Dunque, una volta presentata la dichiarazione e la richiesta del cambio residenza all’Ufficio dell’anagrafe, i controlli effettivi sono affidati alla Polizia Municipale. Saranno loro a recarsi materialmente presso l’indirizzo indicato nella dichiarazione presentata per il cambio di residenza. Il loro compito è quello di verificare la presenza effettiva della persona o del nucleo familiare. Nel caso in cui la Polizia Municipale non trovi nessuno nell’abitazione indicata come nuova residenza, ritenterà, riproponendo il controllo in un’altra giornata.

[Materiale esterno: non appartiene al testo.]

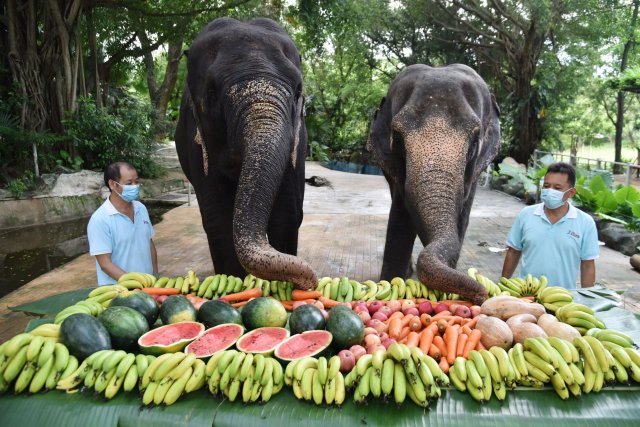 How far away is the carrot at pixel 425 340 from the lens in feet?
8.33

Se non troverà nessuno o verifichi delle anomalie, queste verranno comunicate subito alle autorità di pubblica sicurezza.

La Polizia Municipale ha quindi 45 giorni per compiere gli accertamenti necessari. Nel caso in cui i controlli dovessero esser negativi, l’Ufficiale dell’anagrafe potrebbe anche decidere che non vi siano gli elementi reali che provino che la persona risieda effettivamente dove ha dichiarato di abitare. In questo caso, l’Ufficiale potrebbe rigettare la richiesta di cambio residenza. In questo caso verrà comunicato all’interessato, al suo vecchio indirizzo.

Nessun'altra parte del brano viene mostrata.